--- Data for analysis ---
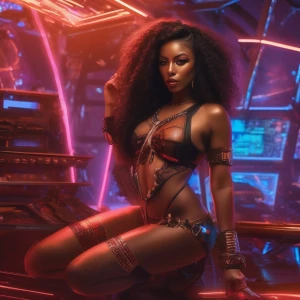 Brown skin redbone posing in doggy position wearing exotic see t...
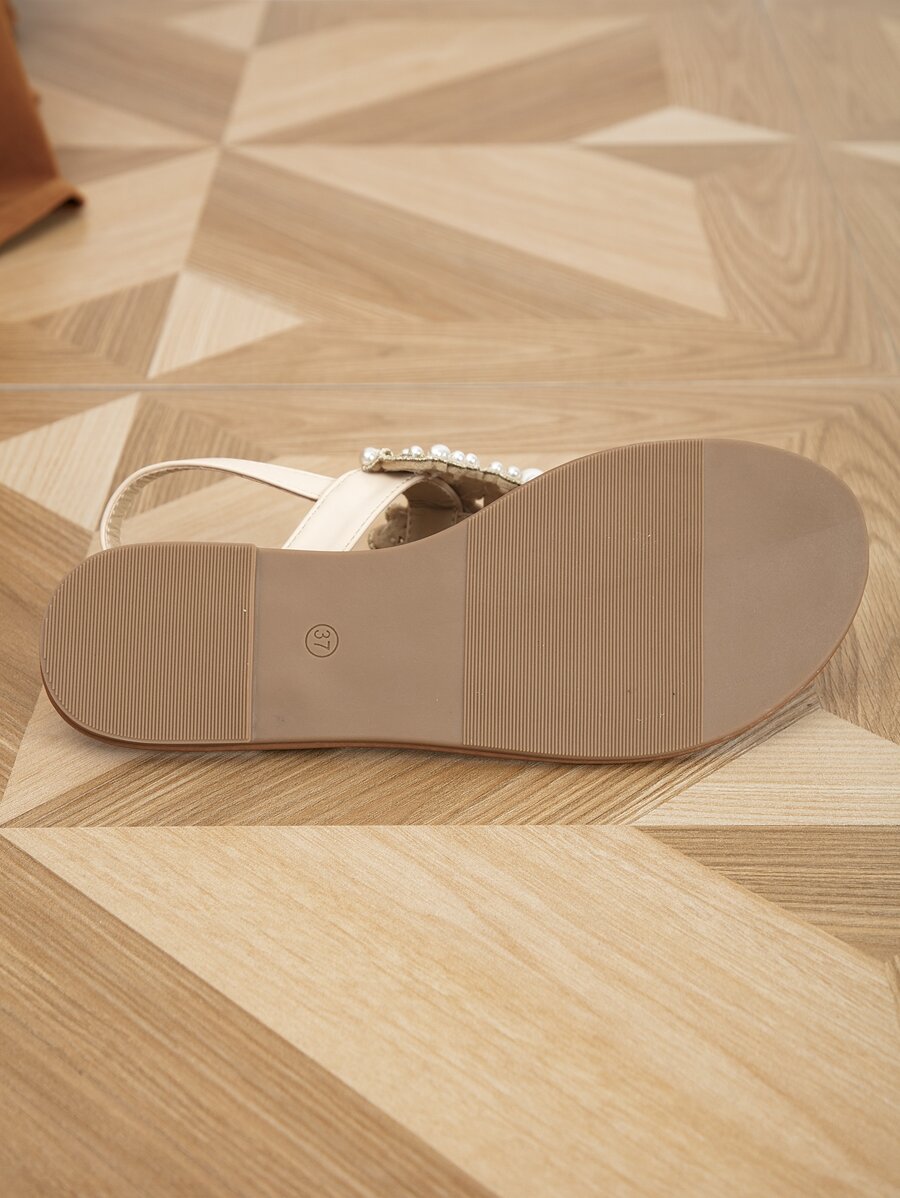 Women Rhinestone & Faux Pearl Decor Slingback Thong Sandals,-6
---
--- Data for analysis ---
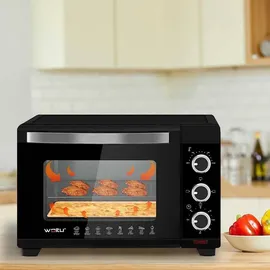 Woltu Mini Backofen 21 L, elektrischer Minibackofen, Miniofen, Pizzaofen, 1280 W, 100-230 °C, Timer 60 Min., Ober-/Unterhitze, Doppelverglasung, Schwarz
---
▶ [Work order] With the pictures removed from your copy, retype the lines above from the one that contains "Brown skin redbone" through the one that contains "Women Rhinestone &", exactly.

▶ [Reply]
 Brown skin redbone posing in doggy position wearing exotic see t...
 Women Rhinestone & Faux Pearl Decor Slingback Thong Sandals,-6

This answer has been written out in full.